» DATA FOR ANALYSIS
* * * *

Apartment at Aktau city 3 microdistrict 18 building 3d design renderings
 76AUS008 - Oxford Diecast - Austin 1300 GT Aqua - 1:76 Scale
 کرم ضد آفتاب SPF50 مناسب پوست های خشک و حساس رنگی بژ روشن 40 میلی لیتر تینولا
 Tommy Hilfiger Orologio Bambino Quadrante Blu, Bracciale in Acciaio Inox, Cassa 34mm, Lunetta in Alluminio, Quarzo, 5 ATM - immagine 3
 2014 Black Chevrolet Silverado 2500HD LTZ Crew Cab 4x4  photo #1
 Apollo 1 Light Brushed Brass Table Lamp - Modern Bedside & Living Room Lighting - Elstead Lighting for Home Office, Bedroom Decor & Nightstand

* * * *

» WHAT TO PRODUCE
Copy out exactly the line holding "کرم ضد آفتاب" and each line after it through the end of the entries, and leave out everything else.

» EXERCISE ANSWER
 کرم ضد آفتاب SPF50 مناسب پوست های خشک و حساس رنگی بژ روشن 40 میلی لیتر تینولا
 Tommy Hilfiger Orologio Bambino Quadrante Blu, Bracciale in Acciaio Inox, Cassa 34mm, Lunetta in Alluminio, Quarzo, 5 ATM - immagine 3
 2014 Black Chevrolet Silverado 2500HD LTZ Crew Cab 4x4  photo #1
 Apollo 1 Light Brushed Brass Table Lamp - Modern Bedside & Living Room Lighting - Elstead Lighting for Home Office, Bedroom Decor & Nightstand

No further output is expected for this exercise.